目覚ましが鳴るより早く起きたのは久しぶりだ。



いつもはバスに乗る道を、歩いて駅へ向かった。

なんとなく、歩きたい気分だった。


なんだか昨日は不思議なものを見た。


あの人が倒れて、女の子が支えきれずにしゃがみ込んで……。

大切そうにあの人を撫でる女の子と、穏やかな顔で眠るあの人。

絵画か何かみたいに思えて、呆けたように眺めていた。

そしたら強面のおっさんが凄い勢いでやってきて……女の子とあの人を担いで走り去っていった。
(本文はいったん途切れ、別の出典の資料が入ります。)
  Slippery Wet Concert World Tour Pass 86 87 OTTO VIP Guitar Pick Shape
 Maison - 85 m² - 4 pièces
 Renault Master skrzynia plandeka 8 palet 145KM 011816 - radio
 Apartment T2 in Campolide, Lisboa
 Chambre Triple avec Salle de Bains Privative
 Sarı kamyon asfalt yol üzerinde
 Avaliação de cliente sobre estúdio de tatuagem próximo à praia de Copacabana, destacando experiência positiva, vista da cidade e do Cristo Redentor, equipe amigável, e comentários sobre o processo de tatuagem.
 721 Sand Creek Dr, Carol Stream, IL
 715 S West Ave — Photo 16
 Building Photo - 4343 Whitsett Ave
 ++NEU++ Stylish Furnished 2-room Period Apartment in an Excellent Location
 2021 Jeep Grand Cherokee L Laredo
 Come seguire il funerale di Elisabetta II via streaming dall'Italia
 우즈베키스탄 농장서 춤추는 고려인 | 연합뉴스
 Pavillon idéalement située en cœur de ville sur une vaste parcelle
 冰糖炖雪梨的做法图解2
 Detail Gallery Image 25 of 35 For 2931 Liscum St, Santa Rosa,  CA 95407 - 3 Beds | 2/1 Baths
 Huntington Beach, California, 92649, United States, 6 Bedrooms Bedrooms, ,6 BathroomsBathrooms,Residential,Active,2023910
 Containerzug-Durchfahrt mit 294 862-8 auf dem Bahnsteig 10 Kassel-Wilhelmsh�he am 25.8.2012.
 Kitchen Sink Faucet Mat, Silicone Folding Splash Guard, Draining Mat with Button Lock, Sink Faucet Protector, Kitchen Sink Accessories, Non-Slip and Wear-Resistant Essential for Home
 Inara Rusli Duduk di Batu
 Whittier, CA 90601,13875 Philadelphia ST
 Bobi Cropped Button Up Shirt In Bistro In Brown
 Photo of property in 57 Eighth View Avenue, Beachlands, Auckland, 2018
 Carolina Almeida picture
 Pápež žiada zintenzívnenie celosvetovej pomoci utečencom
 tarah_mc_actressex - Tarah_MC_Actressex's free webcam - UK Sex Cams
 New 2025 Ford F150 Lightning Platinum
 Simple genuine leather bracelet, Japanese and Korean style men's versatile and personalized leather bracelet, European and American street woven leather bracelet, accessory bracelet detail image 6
大騒ぎになりそうなところだけど、舞い上がった葉の最後の一枚が落ちるまで、動く気になれなかった。

誰も――。



「んーーー!!」

昨日の広場、あの街路樹の前で、大きく伸びをした。

胸いっぱいに入る朝の空気が気持ち良かった。

あんな事があったのに、不思議とよく眠れた。

久しぶりの早起きも、気分がいい。

このまま電車にのれば、どこへだっていける。

……そんな事はしないけど。


だけど――。


ラジオ体操はサボって、カフェでモーニングしちゃお。


いつもなら憂鬱な月曜日。

それがほんの少し、色づいた気がした。